第65話子供にキラキラネームを付けた母親に反抗してみた2

「な……」


 奏介の思わぬ反撃に怯む小野。


「天照大御神は素晴らしい名前ですが、一人の人間につけるのはおかしいし、絶対生きづらくなるだけでしょう」


「そんなこと」


「ありますよ」


 奏介はまっすぐに小野を見る。


「その子の名前が他の子と違うことくらい分かりますよね? 長さやら読み方やら。菅谷奏介、田辺奏人、田辺ユキノ。俺達の名前と並んだら明らかに違うと思うんですけど、まさか同じに感じるんですか? 頭大丈夫ですか?」


 奏介の煽りに小野の表情が引きつった。


「わかるに決まってるでしょ!? 他の子と被らないようにしただけの話よっ」


「他の子と被らないようにするためだけに神様の名前を使ってるんですか? ほんと失礼ですね。というか、被らないようにという理由で名前選んでたんですね。理解に苦しみます」


「ぐ……」


「大きくなって病院に行って名前を呼ばれた時、周りの人はどう思うでしょうね。大学を卒業して会社の面接で自分の口から名乗る時、本人は何を思うでしょうね。明らかに周りと違う名前は恥ずかしいと感じるんじゃないですか? というか、笑われますよ。なんだ、このバカみたいな名前はって。でもそれはあなたではなく、あなたのお子さんが言われるんですよ。もちろん、適当に考えて適当につけたあなたのせいでね」


「適当じゃないわよっ、ちゃんと天照大御神について調べたわ。候補だっていくつか出したし、産まれてから二週間、ギリギリまで考えたんだからっ」


「その辺で出会う人は親がどんな気持ちでその名前を付けたかなんて知りませんよ。ちゃんと考えた上で人様に見られても恥ずかしくない名前にすべきでしょ。でも、候補なんかあったんですか。……他にどんなバカな名前を考えたんでしょうか?」


「バカな、ですって? 迷っていた名前は、伊邪那美大神いざなみのおおかみよ。知ってる? この神様はね」


「じゃあ、あなたがその名前に改名したらどうですか?」


「え……」


「そんなに迷ったならその名前を自分で名乗れば良いでしょ」


 と、奏介は再び鋭い視線で小野を睨んだ。


「今、なんで嫌そうな顔したんですか? 子供につけようと思ってた名前に改名しろって言われて嫌そうな顔しましたよね。まさか自分で改名するのは嫌だとでも?」


 小野は息を飲んだ。


「ちなみに、改名手続きは理由があれば出来るらしいですね」


 小野がどこまで改名事情に詳しいかはわからないが、普通に読める名前から珍妙な名前への改名はほぼ認められないだろう。ただの脅しではあるが、反応を見る限り、効果は期待できそうだ。
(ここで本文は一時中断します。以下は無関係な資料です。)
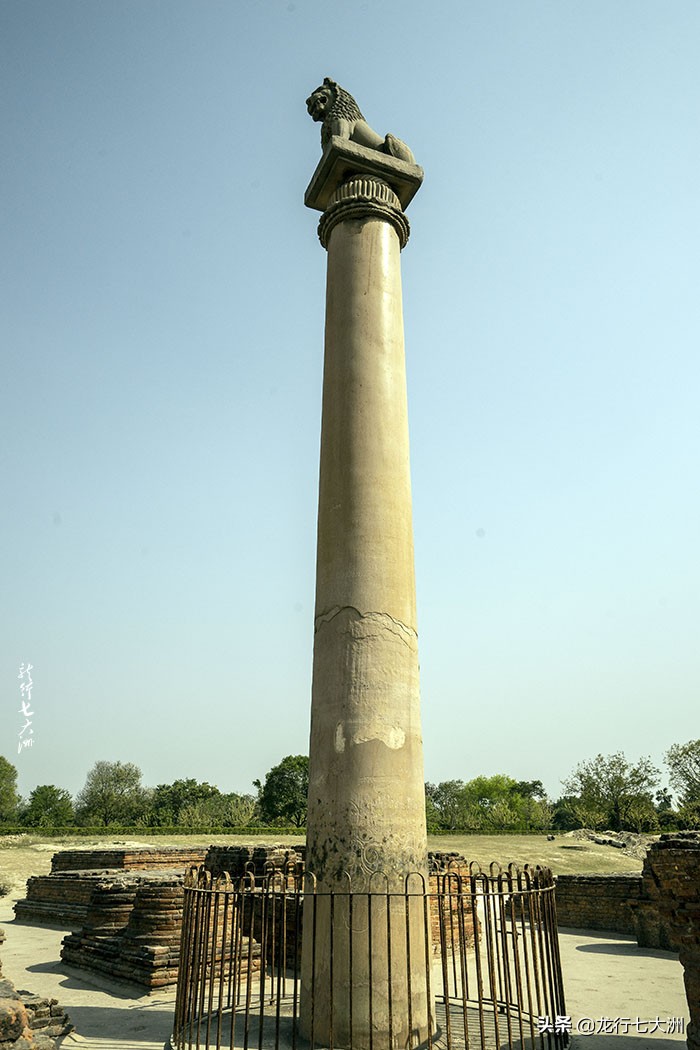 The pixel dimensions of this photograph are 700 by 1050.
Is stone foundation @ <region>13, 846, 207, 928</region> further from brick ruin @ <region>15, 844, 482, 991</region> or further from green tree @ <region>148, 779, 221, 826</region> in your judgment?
green tree @ <region>148, 779, 221, 826</region>

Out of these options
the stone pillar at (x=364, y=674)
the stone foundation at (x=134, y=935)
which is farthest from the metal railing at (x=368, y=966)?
the stone foundation at (x=134, y=935)

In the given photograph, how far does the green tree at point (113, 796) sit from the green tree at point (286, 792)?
14.7 m

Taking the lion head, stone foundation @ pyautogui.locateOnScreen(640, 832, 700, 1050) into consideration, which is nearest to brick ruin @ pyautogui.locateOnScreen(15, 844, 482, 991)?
stone foundation @ pyautogui.locateOnScreen(640, 832, 700, 1050)

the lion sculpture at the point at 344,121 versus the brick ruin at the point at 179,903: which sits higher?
the lion sculpture at the point at 344,121

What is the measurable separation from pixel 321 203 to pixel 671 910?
810cm

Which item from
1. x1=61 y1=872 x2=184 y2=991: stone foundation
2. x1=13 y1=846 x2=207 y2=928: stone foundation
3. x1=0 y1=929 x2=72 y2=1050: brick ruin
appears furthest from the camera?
x1=13 y1=846 x2=207 y2=928: stone foundation

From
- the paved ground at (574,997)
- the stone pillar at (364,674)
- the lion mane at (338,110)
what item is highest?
the lion mane at (338,110)

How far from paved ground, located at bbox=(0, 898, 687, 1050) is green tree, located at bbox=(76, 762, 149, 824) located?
5940cm

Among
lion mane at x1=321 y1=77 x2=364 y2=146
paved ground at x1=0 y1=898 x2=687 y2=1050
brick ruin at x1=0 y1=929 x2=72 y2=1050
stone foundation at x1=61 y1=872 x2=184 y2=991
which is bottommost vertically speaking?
paved ground at x1=0 y1=898 x2=687 y2=1050

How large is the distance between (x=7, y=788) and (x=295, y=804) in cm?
2888

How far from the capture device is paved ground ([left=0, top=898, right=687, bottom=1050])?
6.50 meters

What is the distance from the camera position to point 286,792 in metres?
56.3

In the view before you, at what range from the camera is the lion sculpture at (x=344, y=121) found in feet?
26.6

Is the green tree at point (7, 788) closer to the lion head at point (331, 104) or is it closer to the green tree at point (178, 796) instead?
the green tree at point (178, 796) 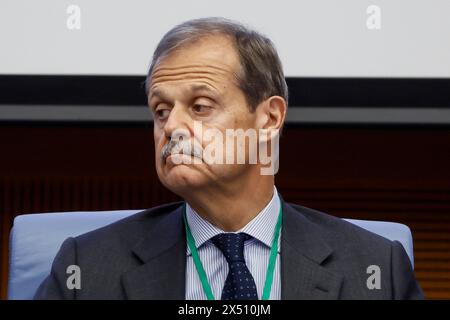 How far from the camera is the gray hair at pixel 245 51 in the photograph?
1388 mm

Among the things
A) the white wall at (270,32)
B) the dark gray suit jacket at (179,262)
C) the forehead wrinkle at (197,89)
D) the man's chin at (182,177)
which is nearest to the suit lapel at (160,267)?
the dark gray suit jacket at (179,262)

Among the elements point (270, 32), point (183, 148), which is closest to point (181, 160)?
point (183, 148)

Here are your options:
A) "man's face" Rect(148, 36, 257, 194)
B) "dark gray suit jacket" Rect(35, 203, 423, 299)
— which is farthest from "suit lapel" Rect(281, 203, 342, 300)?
"man's face" Rect(148, 36, 257, 194)

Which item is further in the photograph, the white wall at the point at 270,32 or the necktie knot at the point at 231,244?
the white wall at the point at 270,32

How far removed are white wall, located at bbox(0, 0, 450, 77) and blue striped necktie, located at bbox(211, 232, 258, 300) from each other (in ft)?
2.09

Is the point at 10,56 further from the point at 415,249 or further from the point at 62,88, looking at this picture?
the point at 415,249

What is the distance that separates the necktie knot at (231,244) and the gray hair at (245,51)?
0.19 metres

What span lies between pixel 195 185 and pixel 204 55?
0.20 metres

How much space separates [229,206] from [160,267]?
0.14 m

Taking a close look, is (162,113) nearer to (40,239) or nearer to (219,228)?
(219,228)

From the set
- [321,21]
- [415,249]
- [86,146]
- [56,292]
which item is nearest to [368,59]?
[321,21]

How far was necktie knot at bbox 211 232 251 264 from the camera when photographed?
1360 millimetres

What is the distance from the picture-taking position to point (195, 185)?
1331 millimetres

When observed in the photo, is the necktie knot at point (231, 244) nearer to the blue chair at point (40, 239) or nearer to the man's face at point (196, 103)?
the man's face at point (196, 103) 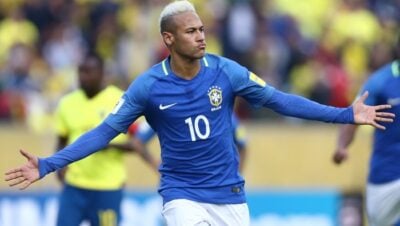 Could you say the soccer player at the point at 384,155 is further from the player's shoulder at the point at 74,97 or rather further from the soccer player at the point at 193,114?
the player's shoulder at the point at 74,97

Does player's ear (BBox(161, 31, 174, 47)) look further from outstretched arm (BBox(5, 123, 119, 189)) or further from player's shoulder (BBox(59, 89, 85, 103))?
player's shoulder (BBox(59, 89, 85, 103))

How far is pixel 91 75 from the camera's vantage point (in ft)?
40.9

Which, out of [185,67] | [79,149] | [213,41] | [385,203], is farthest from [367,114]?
[213,41]

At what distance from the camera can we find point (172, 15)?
31.6 feet

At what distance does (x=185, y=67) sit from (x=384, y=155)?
2819 mm

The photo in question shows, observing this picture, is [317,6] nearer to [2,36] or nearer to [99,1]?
[99,1]

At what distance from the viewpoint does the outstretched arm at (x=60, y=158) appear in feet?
30.4

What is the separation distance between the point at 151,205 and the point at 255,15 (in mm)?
5759

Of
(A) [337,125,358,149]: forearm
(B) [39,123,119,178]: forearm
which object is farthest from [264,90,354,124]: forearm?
(A) [337,125,358,149]: forearm

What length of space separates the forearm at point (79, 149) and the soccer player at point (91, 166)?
2886 mm

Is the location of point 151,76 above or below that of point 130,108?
above

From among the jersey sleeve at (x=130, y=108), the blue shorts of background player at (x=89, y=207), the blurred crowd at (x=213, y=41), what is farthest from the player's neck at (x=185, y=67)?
the blurred crowd at (x=213, y=41)

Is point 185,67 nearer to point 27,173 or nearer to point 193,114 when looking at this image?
point 193,114

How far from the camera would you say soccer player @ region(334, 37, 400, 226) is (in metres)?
11.7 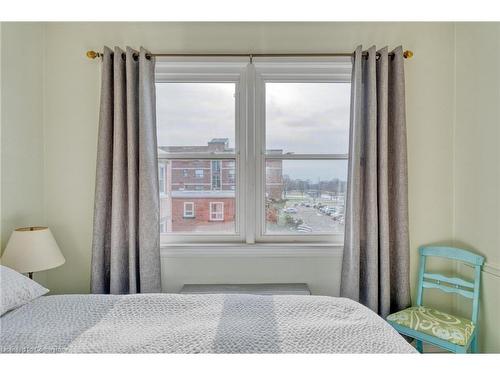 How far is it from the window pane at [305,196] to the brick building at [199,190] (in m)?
0.03

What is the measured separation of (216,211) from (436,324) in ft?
5.20

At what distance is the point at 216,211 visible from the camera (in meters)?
2.31

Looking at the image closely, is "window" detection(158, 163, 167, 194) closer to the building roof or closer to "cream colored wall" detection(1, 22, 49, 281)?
the building roof

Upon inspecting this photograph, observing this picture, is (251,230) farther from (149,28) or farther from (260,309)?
(149,28)

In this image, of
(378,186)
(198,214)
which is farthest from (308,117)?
(198,214)

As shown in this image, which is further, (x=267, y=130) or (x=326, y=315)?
(x=267, y=130)

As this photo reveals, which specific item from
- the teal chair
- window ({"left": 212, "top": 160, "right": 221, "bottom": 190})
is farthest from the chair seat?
window ({"left": 212, "top": 160, "right": 221, "bottom": 190})

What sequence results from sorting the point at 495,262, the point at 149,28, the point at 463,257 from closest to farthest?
the point at 495,262
the point at 463,257
the point at 149,28

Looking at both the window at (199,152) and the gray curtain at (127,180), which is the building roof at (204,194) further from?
the gray curtain at (127,180)

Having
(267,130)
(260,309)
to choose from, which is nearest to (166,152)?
(267,130)

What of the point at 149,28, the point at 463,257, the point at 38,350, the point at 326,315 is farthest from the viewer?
the point at 149,28

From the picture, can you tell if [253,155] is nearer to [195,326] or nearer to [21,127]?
[195,326]

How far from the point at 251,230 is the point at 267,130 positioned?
0.76m

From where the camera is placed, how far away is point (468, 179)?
203 centimetres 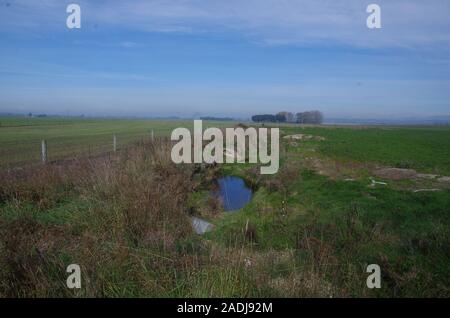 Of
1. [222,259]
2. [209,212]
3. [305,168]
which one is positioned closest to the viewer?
[222,259]

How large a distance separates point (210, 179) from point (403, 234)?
11.6m

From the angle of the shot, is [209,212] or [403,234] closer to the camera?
[403,234]

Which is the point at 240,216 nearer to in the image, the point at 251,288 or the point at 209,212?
the point at 209,212

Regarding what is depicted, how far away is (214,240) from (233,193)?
859cm

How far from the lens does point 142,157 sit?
14727 mm

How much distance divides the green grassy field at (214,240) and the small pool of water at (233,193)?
123 cm

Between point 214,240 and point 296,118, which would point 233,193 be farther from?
point 296,118

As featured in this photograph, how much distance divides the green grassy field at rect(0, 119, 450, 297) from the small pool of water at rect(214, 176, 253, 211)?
1227 mm

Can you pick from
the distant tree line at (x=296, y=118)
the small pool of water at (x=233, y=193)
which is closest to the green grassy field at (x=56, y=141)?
the small pool of water at (x=233, y=193)

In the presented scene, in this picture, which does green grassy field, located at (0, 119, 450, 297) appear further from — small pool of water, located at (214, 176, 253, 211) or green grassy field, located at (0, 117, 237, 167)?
green grassy field, located at (0, 117, 237, 167)

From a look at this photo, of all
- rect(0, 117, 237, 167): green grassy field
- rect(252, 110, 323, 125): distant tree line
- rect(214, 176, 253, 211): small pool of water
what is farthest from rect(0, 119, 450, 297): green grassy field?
rect(252, 110, 323, 125): distant tree line

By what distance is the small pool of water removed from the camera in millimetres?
14172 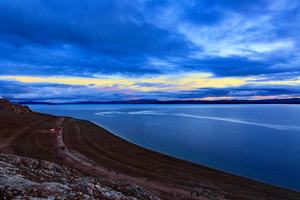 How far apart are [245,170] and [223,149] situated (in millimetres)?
12301

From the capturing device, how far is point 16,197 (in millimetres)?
7543

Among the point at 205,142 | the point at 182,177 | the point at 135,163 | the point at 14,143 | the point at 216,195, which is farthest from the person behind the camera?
the point at 205,142

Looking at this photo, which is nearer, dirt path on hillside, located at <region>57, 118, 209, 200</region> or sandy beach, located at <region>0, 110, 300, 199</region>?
dirt path on hillside, located at <region>57, 118, 209, 200</region>

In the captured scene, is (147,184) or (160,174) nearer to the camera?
(147,184)

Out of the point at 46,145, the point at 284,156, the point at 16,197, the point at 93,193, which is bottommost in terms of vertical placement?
the point at 284,156

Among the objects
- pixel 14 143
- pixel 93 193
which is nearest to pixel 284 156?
pixel 93 193

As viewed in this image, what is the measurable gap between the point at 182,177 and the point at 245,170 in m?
13.7

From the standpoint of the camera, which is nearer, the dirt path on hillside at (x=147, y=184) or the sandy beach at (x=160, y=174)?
the dirt path on hillside at (x=147, y=184)

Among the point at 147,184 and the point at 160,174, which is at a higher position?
the point at 147,184

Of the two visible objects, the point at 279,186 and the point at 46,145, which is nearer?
the point at 279,186

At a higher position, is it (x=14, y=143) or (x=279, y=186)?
(x=14, y=143)

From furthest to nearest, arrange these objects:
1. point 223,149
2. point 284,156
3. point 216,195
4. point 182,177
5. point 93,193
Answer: point 223,149, point 284,156, point 182,177, point 216,195, point 93,193

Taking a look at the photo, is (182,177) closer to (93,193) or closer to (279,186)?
(279,186)

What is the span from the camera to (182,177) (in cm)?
2364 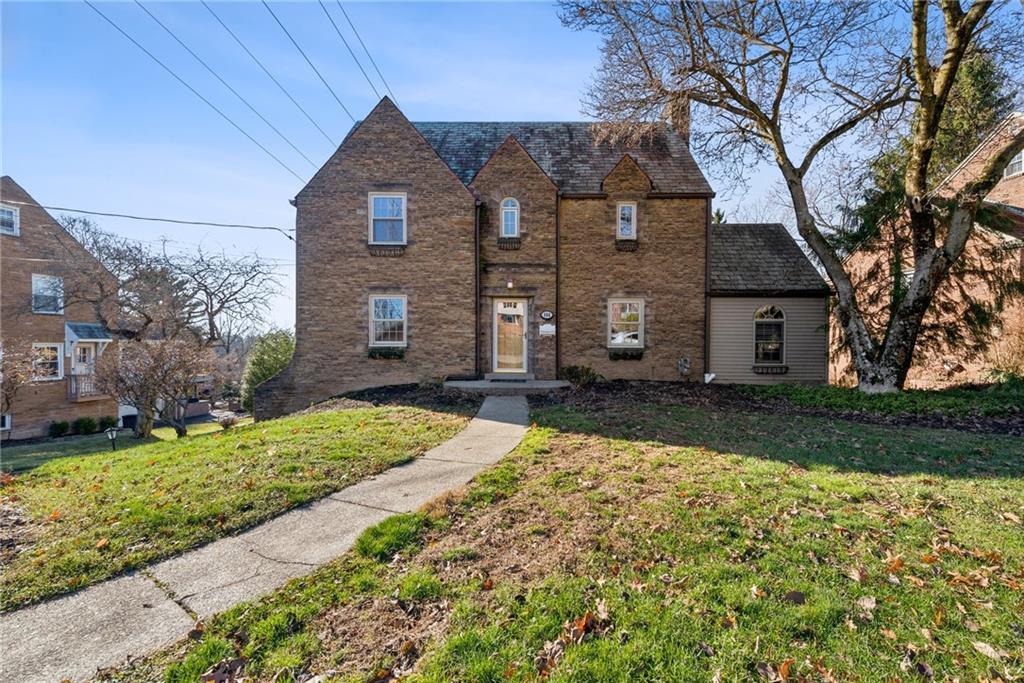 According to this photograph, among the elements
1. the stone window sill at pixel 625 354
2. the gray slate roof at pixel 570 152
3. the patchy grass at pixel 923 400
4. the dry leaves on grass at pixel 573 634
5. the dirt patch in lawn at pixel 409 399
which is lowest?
the dry leaves on grass at pixel 573 634

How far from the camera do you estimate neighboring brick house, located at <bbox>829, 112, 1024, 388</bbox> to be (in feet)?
42.8

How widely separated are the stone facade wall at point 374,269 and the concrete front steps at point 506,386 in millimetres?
828

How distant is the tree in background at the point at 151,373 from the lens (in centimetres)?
1474

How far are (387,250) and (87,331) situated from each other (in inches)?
756

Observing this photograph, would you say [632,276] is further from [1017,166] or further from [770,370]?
[1017,166]

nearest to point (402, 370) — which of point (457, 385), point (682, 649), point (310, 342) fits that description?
point (457, 385)

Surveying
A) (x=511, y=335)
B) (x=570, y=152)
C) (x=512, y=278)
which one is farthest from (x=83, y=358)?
(x=570, y=152)

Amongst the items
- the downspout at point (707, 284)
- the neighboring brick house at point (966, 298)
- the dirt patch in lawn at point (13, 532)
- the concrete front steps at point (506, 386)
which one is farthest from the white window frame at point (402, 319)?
the neighboring brick house at point (966, 298)

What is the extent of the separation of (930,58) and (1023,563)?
49.6 ft

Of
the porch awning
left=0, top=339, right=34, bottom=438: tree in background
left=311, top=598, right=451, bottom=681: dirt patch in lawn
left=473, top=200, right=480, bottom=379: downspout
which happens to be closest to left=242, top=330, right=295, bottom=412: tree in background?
the porch awning

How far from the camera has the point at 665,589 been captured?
11.5 ft

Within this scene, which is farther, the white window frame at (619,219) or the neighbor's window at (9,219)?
the neighbor's window at (9,219)

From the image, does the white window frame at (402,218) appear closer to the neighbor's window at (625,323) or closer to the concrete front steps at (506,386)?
the concrete front steps at (506,386)

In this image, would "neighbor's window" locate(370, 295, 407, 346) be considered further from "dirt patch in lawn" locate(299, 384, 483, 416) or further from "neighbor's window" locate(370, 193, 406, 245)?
"neighbor's window" locate(370, 193, 406, 245) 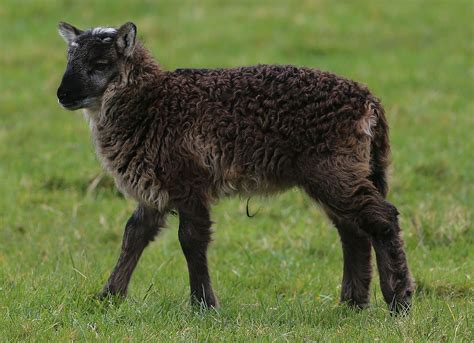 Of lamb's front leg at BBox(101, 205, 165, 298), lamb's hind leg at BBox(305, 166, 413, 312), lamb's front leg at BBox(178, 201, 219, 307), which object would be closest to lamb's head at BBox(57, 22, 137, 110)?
lamb's front leg at BBox(101, 205, 165, 298)

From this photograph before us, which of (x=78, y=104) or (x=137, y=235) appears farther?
(x=137, y=235)

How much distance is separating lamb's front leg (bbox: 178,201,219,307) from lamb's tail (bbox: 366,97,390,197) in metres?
1.25

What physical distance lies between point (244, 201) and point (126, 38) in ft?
12.5

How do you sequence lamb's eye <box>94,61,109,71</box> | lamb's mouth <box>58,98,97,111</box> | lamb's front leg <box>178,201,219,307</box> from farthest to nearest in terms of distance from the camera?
1. lamb's eye <box>94,61,109,71</box>
2. lamb's mouth <box>58,98,97,111</box>
3. lamb's front leg <box>178,201,219,307</box>

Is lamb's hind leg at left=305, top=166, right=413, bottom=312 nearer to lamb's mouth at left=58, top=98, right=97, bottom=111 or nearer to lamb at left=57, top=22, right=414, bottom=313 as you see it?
lamb at left=57, top=22, right=414, bottom=313

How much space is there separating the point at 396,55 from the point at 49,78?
5604 mm

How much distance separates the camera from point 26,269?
821 centimetres

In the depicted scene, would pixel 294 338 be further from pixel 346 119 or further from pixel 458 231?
pixel 458 231

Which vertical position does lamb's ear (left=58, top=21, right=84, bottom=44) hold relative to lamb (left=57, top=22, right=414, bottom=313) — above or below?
above

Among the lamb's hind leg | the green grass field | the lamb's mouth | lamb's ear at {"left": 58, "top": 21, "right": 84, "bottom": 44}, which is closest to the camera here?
the green grass field

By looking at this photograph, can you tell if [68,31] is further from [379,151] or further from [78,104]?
[379,151]

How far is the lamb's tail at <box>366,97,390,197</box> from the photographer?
702 centimetres

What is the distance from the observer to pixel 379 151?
7.11 metres

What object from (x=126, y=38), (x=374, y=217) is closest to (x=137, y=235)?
(x=126, y=38) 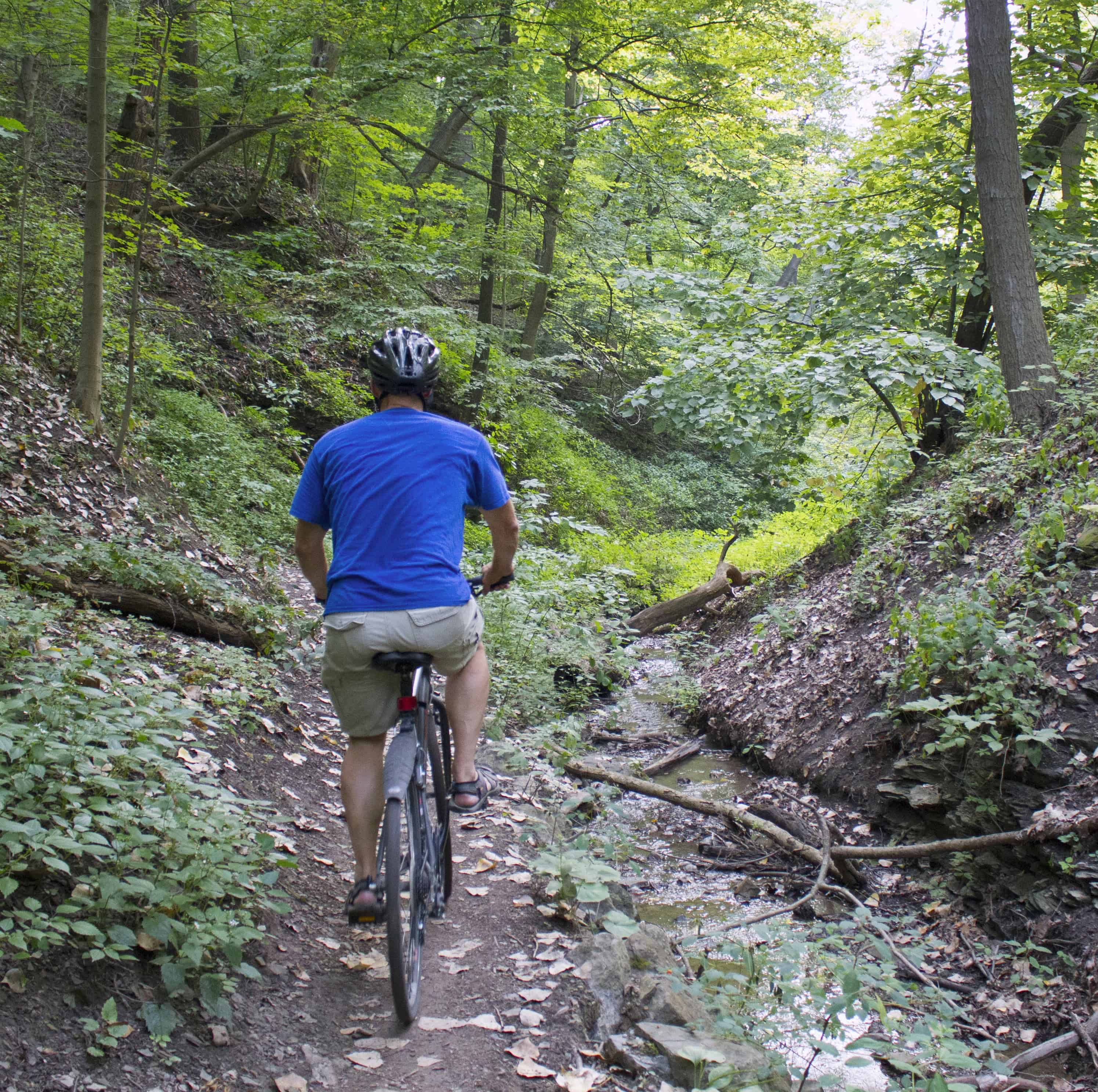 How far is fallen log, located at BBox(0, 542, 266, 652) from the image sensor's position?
197 inches

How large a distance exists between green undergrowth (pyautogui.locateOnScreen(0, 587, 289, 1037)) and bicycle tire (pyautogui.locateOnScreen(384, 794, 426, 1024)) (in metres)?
0.48

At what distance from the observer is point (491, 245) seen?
1455 centimetres

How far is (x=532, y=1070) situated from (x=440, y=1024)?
0.41 m

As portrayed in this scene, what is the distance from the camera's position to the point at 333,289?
13.8 meters

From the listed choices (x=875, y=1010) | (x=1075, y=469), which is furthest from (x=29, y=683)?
(x=1075, y=469)

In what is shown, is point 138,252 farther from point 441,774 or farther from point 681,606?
point 681,606

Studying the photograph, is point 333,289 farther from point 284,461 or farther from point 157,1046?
point 157,1046

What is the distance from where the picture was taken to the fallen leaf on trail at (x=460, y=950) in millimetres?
3602

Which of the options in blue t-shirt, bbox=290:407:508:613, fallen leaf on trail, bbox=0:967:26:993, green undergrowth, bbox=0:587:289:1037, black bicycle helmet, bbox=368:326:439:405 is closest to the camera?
fallen leaf on trail, bbox=0:967:26:993

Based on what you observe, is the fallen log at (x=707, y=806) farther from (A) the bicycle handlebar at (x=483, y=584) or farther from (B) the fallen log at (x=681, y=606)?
(B) the fallen log at (x=681, y=606)

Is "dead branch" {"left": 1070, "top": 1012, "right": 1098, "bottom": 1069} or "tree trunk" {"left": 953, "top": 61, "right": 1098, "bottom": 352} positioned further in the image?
"tree trunk" {"left": 953, "top": 61, "right": 1098, "bottom": 352}

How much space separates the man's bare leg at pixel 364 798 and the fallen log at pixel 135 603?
9.78 ft

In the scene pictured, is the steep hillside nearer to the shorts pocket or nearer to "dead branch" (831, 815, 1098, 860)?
"dead branch" (831, 815, 1098, 860)

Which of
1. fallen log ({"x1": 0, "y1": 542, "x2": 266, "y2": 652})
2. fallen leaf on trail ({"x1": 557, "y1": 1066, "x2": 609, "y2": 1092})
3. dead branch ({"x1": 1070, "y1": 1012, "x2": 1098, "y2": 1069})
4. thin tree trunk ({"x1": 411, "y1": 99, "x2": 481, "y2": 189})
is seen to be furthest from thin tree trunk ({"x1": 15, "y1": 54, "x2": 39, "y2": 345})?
dead branch ({"x1": 1070, "y1": 1012, "x2": 1098, "y2": 1069}) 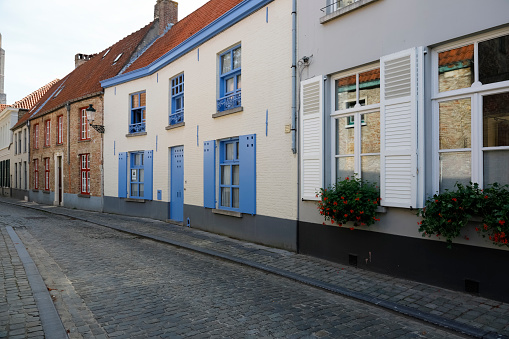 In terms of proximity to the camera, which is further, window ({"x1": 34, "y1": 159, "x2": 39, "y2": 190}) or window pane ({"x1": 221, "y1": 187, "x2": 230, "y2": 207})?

「認められるかはともかく、挑戦してみてはどうですか?」


「っ……!」


 奏介は口元を押さえて笑った。


「その顔、よっぽど嫌なんですね? これってお子さんに対する高度な虐待なんでしょうか?」


「ちょっと田辺さん、この子」


 田辺は首を傾げて話す。


「菅谷君は間違ったこと言ってないと思いますけど。自分にされて嫌なことはしちゃいけないって保育園で習いますし」


 田辺も奏人をバカにされたことがあったので黙っているつもりはないようだ。


「まぁ、もう戸籍に登録してしまったのは仕方ないですね。せめて読み方を考えてあげるとか、その子のことを思うなら家庭裁判所に行って下さい。くれぐれも自分ではなく、娘さんのこれからの人生をちゃんと考えて上げてください。母親なんだから当然だし、高校生で未成年の俺にこんなこと言わせないで下さいよ」


「っ……。失礼するわ」


 小野は娘を強く抱き締め、その場から去って行った。


 小さくなっていく背中に田辺が何度か頷く。


「さすが菅谷君。正論だね」


「……あの子、心配ですね」


「菅谷君が言ったこと、ちゃんと理解出来てれば良いんだけどね」


 他人に指摘されたくらいで考えを変えはしないだろう。しかし、何かしら影響を与えられたとは思いたい。


「それじゃ、車に戻るね。またね」


「はい、また。奏人君も」


 眠っている奏人の頭を撫でてやると、田辺は嬉しそうに手を振って車へ戻って行った。